Within the entries below, the lines from the one with "Usado Mercedes C180" through the one with "Carl Grimes thumbnail" are to be set down exactly, both ends kept.

Available data:
□ □ □ □ □

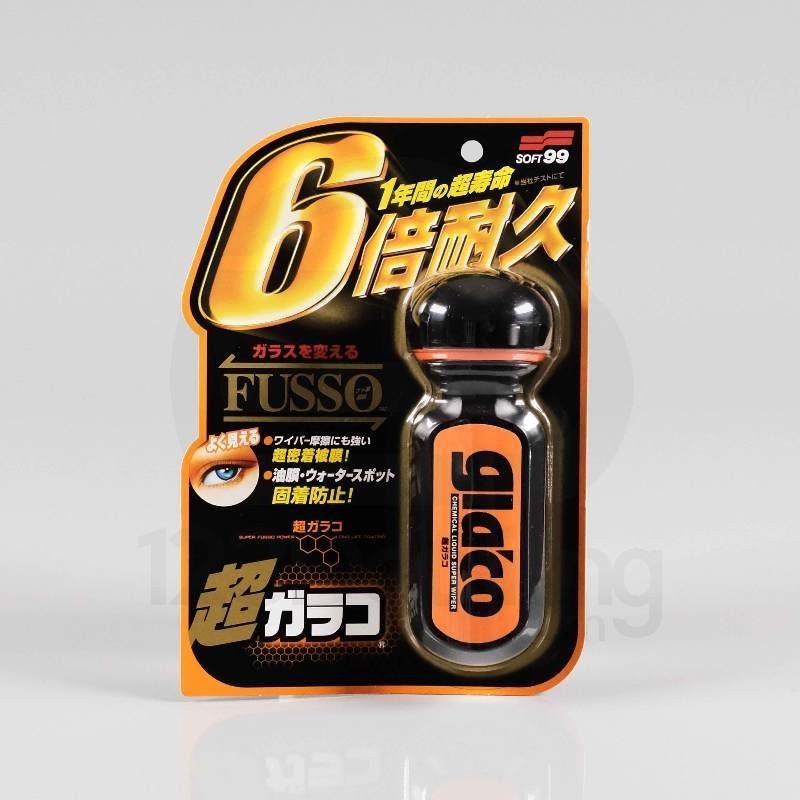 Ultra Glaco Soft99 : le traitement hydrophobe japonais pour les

□ □ □ □ □

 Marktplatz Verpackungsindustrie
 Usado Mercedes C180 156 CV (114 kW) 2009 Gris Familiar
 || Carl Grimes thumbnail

□ □ □ □ □

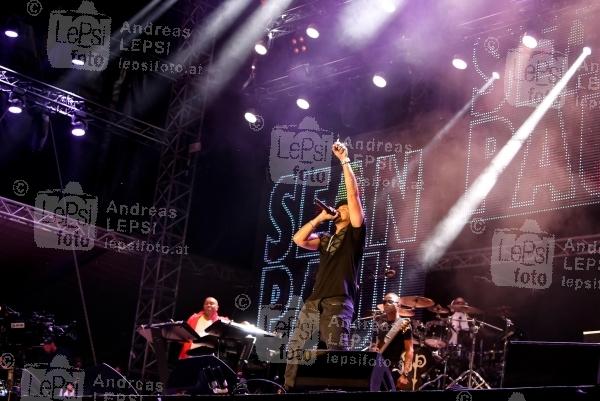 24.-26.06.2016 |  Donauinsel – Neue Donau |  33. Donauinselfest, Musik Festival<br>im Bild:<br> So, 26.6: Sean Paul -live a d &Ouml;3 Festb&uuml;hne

□ □ □ □ □

Result of the task:
 Usado Mercedes C180 156 CV (114 kW) 2009 Gris Familiar
 || Carl Grimes thumbnail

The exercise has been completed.